In fact, you are using a pretty deficient way to achieve your goal, you need to use numpy in order to increase the performance.
import numpy as np
import matplotlib.pyplot as plt
stock_price_spy = np.loadtxt('SPY.csv', dtype=float, delimiter=',', skiprows=1, usecols=4)
#here you have nothing else than the 5th column of your csv, this cuts the bottleneck in memory.
n, bins, patches = plt.hist( stock_price_spy, 50 )
plt.show()
I didn't test it, but it should work.
And I recommend you to use the optimized version of python from intel. It's better to manage this kind of process. Intel python distribution
Adding code for testing. Because some fellows are trying to misinform and are missing true arguments, panda uses Dataframes which are dictionaries, not numpy arrays. And numpy arrays are almost twice faster.
import numpy as np
import pandas as pd
import random
import csv
import matplotlib.pyplot as plt
import time
#Creating a random csv file 6 x 4871, simulating the problem.
rows = 4871
columns = 6
fields = ['one', 'two', 'three', 'four', 'five', 'six']

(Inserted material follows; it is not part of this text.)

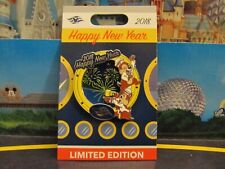 2018 Disney Cruise Line Pin - Happy New Year Chip and Dale LE 2000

write_a_csv = csv.DictWriter(open("random.csv", "w"),
fieldnames=fields)
for i in range(0, rows):
write_a_csv.writerow(dict([
('one', random.random()),
('two', random.random()),
('three', random.random()),
('four', random.random()),
('five', random.random()),
('six', random.random())
]))
start_old = time.clock()
spy = pd.read_csv( 'random.csv' )
print(type(spy))
stock_price_spy = spy.values[ :, 5 ]
n, bins, patches = plt.hist( stock_price_spy, 50 )
plt.show()
end_old = time.clock()
total_time_old = end_old - start_old
print(total_time_old)
start_new = time.clock()
stock_price_spy_new = np.loadtxt('random.csv', dtype=float,
delimiter=',', skiprows=1, usecols=4)
print(type(stock_price_spy_new))
#here you have nothing else than the 5th column of your csv, this cuts the bottleneck in memory.
n, bins, patches = plt.hist( stock_price_spy_new, 50 )
plt.show()
end_new = time.clock()
total_time_new = end_new - start_new
print(total_time_new)